A few things I have seen that people misjudge (including myself from time to time) and within the context of 5e.

1) Spell selection. For casting classes, obviously. People look at a class and see its a full caster or a half caster and mentally block out a certain typical amount of power from that. If it casts level nine spells at level 17 then this has a certain equivalent power - be the spell Weird or be it Wish. The gulf between the power of spells within a given spell level in 5e is enormous. Witch bolt and shield will really add a different amount to a class. It isn't that people don't look at the availble spells when evaluating a class but rather I feel their underweight them. A half caster with the best spells is going to be more impressive than a full caster with bad spells on the class list.

2) Spells known/prepared. How many different things you can do matters but people tend to evaluate each in isolation and give less weight to the bigger picture of sometimes not having the right tool ready.

3) The span of spells - sometimes blasting things is the right option. Sometimes save or suck, and sometimes you need a buff spell or at least something that won't worry about magic resistance. Having the same quality of spell but spread out over different functions is usually a bit more powerful, but this is a benefit that often seem to slip through evauation. This covers also a good balance of concentration/non-concentration spells and spells with different casting times.

4) Casting stat. Some stats are better than others, and the same class with a casting stat that aligns with an otherwise strong stat in the game is likely to be better than one that doesn't

5) Hit Points. Its a small point, but I think that people often don't give enough weight to HP and HD size. At level 10, going from a d6 to a d8 would give about 16 more HP over the day (assuming using half HD for HP recovery).

6) Abilities that can be used a smal number of times per day. I have seen people do a couple of quick checks - what's the max power of the class in queston in an encounter and can it put other classes in the shade? And, what's the at-will power of the class it can keep up all day.
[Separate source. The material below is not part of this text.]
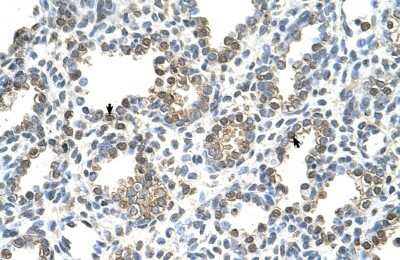 Immunohistochemistry-Paraffin: TST Antibody [NBP1-54682]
Abilities that are twice a day or once per short rest seem to get a bit of a cursory glance - if it isn't that powerful that it impacts peak power then it has a small effect and if its only being used a couple of times per day its as if it doesn't happen at all.
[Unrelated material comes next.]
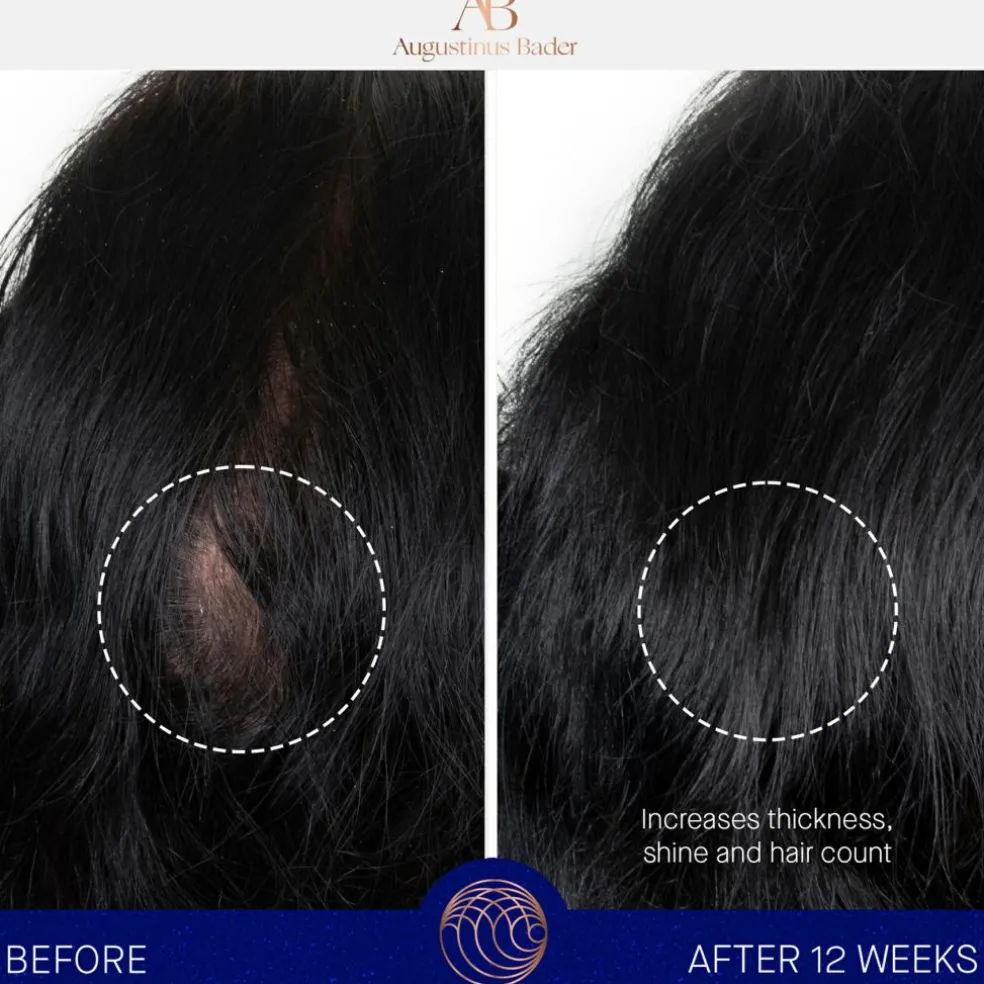 The Scalp Treatment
7) Abilities that are worse versions of other abilities. If another class has an ability but an ability in question is strictly weaker, it often gets labled as a bad ability, even though the cumulative effect of this with other class abilities might be large. If a class isn't pushing the envelope in one dimension or another its deemed safe - there seems to be a lot of tollerance for very powerful generalists.

8) The match-up between defensive abilities and likely strong or weak stats. Immunity to charm or fear is of greater marginal benefit to a Str based class likely to dump wisdom than it is to a Wisdom based class likely to dump strength.

9) Starting skills - if you were to give a homebrew class an extra skill at creation (like the ranger) it would likely not even be noticed by many.

10) Movement - whilst this is a bit more applicable to homebrew races than classes, a boost to movement speed seems to be undervalued in my experience.

11) Growing abilities - some that are obviously big like spellcasting or sneak attack get noticed. The gradual increase in power of things like bardic inspiration/song of rest or monk MA dice on the other hand just seems to slip through peoples minds when evaluating a class. Especially if the uptick is quite a bit later - a 3rd level ability that gets a boost at levels 11, 14, 17 and 20 that ends up powerful might totaly slip by people.

12) Healing. Unless its a big deal, anything that restored HP seems to get less attention - its less flashy and doesn't end encounters. Things like second wind might not be powerful abilities, but when people evaluate a class it can sometimes almost seem that abilities like this don't exist (and another example of both something that grows and something that is a few times per day).

13) Ritual Casting. When reading a proposed class, many reviewers just seem to skim over this. In a party with a ritual caster already it may not add a lot of power, but if there isn't one then its a big deal.

14) Anything that falls below a certain threshold of being too situational will often seem to not exist at all - especially defensive abilities. The afforementioned immunity to fear and charm or resistance to a (non BPS) damage type seems to be ignored. Something like the paladin's extra divine smite damage to fiends and undead as an offensive ability will gain a bit more attention.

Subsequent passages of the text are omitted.